2.2k Views Asked by At

From what I understand, proximal mappings are used in conjunction with iterative schemes for minimisation problems. They are used to speed up convergence to the 'optimal' solution. This is the intuitive explanation I have for it, but I need something with more depth and perhaps an example of this in action.

As for practicality, I am trying to understand how the computation of proximal mappings is performed, for now, I am considering the example $f:\mathbb{R} \rightarrow (-\infty,\infty]$ $$f(x) = \begin{cases} -\log(x), & x>0\\ +\infty, & x\leq 0\end{cases}$$ In the notation of my course notes, I wish to calculate $\text{prox}_{\lambda f}(v)$, where $v \in \mathbb{R}$, $\lambda > 0$.

3

There are 3 best solutions below

4
On BEST ANSWER

The motivation for proximal operators comes from the proximal point algorithm. To minimize a convex and lower semicontinuous $f$ you could update $x^k$ to the next iterate by solving $$ \min_x f(x) + \frac{\|x-x^k\|^2}{2t_k} $$ for some positive sequence $t_k$. The resulting sequence will converge to a minimizer of $f$ as soon as the sum of the stepsizes $t_k$ diverges.

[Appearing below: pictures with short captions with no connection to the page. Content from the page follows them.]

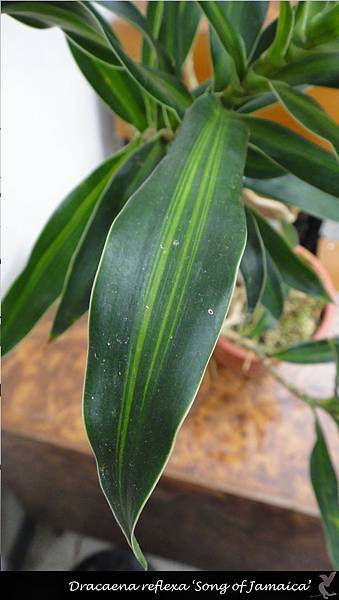 Dracaena reflexa ‘Song of Jamaica’-3.jpg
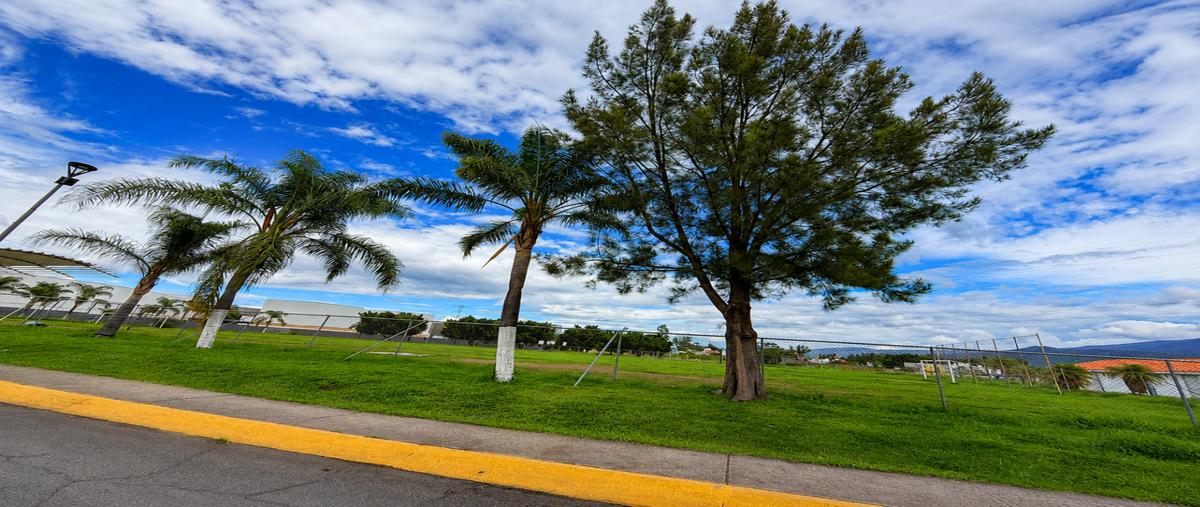 Foto de terreno habitacional en venta en  , campo sur, tlajomulco de zúñiga, jalisco, 31529492 No. 05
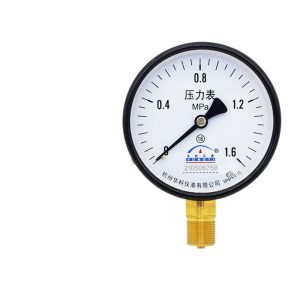 Axial Pressure Gauge Y100 (0-1.6 MPa, 1.6 Accuracy) for Water, Hydraulic, Oil, Air Systems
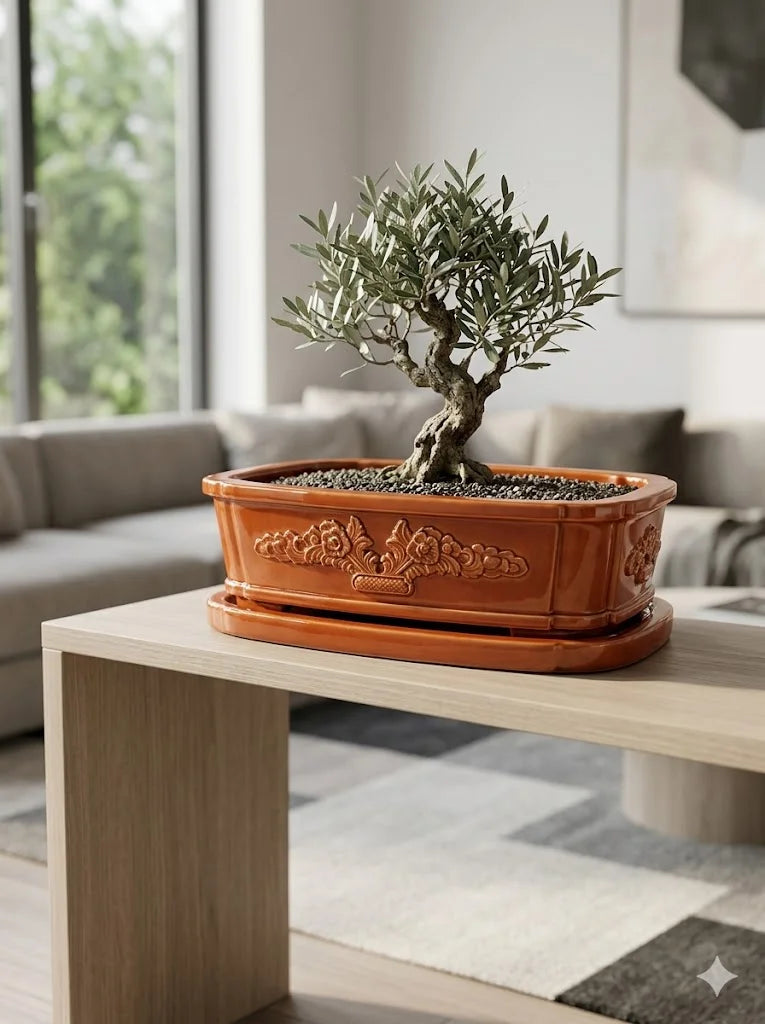 Turuncu Bonsai dekoratif beton saksı, bonsai ağacıyla sıcak modern dekorasyon
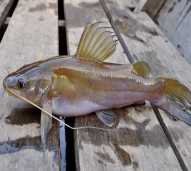 Ikan Baung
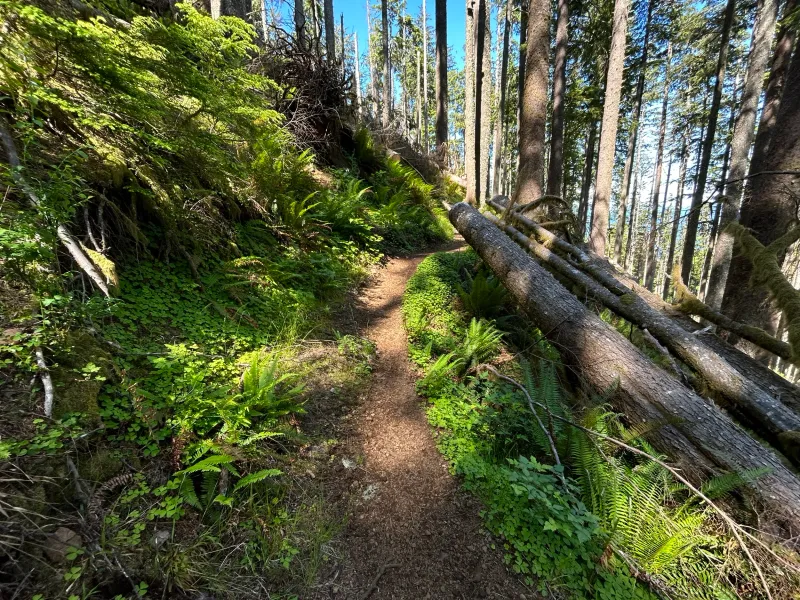 Neahkahnie Mountain North Trail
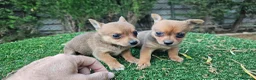 Raza Mixta perros en venta: Cachorritos mini toy  - Anuncio 5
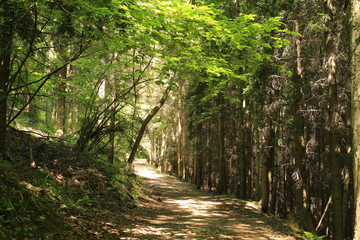rural road into the forest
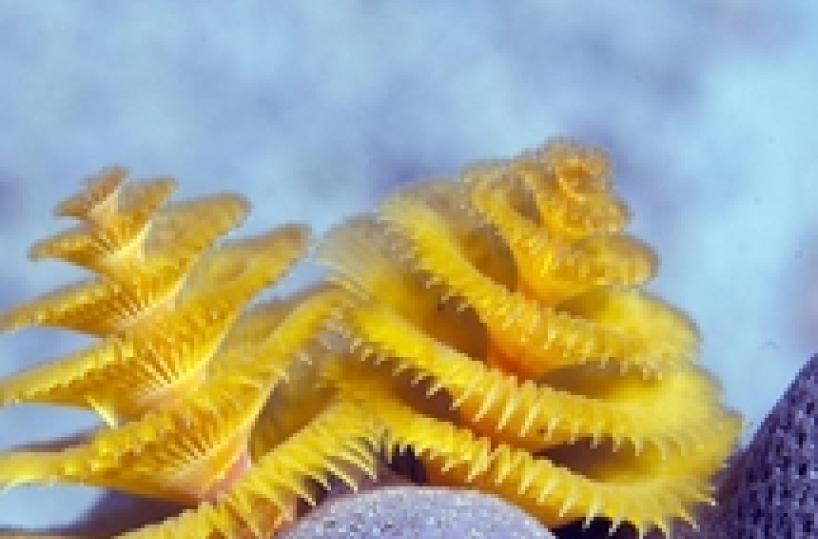 Le meraviglie del mare, sos ecologista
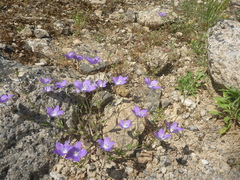 Campanula ramosissima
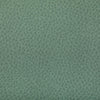 Kravet Woolf Julep Upholstery Fabric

One can also motivate the proximal point method as a majorization-minimization method: At each iteration you choose a maximizing function that is tight at the current point, i.e. at iterate $x^k$ choose some function $f_k$ such that

  1. $f_k(x^k) = f(x^k)$ and
  2. for all $x$ it holds that $f_k(x)\geq f(x)$.

The next iterate is the any minimier of $f_k$. In the case of the proximal point method you choose $f_k(x) = f(x) + \frac{\|x-x^k\|^2}{2t_k}$.

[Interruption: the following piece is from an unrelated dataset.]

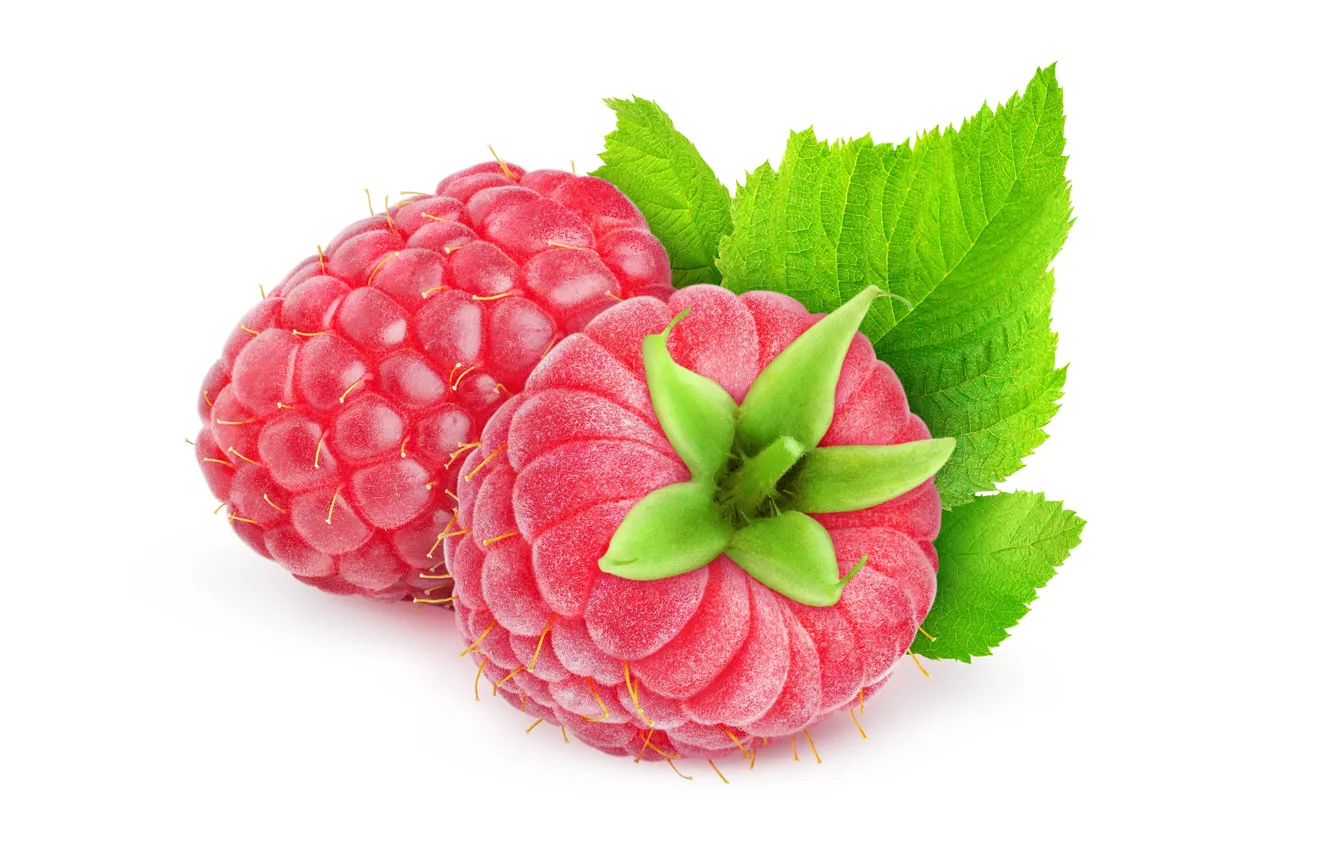 Photo wallpaper raspberry, red, white, berry, green, raspberry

The proximal point method is just an abstract method, since the problems for the iteration are more or less as difficult as the original problem - they are slightly easier than the objective function for the steps are strongly convex instead of merely convex.

The proximal mapping gets really handy for composite problem where you minimize $f+g$ with $g$ convex and differentiable and $f$ convex with "simple" proximal mapping. Then you can use the proximal gradient method, i.e. alternate gradient descent steps for $g$ and proximal steps for $f$ (using the same stepsize) and converge to a minimizer (under some further conditions).

To calculate the proximal map in your example is a simple exercise: just calculate the minimizer of the problem above (in your case using basic calculus).

0
On

Proceeding as Dirk explained, you should find $$\operatorname{Prox}_f(y) = \frac{y+\sqrt{y^2+4\lambda}}{2}. $$ Good references for formulas are the books by Bauschke-Combettes and by Beck.

0
On

The proximal operator (with parameter $t > 0$) of a closed convex function $f$ is defined by $$ \text{prox}_{tf}(\hat x) = \arg \min_x \, f(x) + \frac{1}{2t} \| x - \hat x \|_2^2. $$ When we evalute the prox-operator of $f$, we are attempting to reduce the value of $f$ without straying too far from $\hat x$. You can imagine that this would be a useful sub-step in an optimization algorithm. The parameter $t$ can be viewed as a "step size" that controls how far from $\hat x$ we are allowed to move. When $t$ is very small, the penalty for moving away from $\hat x$ is severe.

One reason that proximal operators are so useful is that for many simple penalty functions $f$ which occur frequently in applications, such as $f(x) = \| x \|_1$, an explicit formula is available for the prox-operator of $f$. So, we often find that relevant prox-operators can be evaluated very efficiently. The prox-operator does not require $f$ to be differentiable, so prox-operators tend to be useful for nonsmooth optimization problems.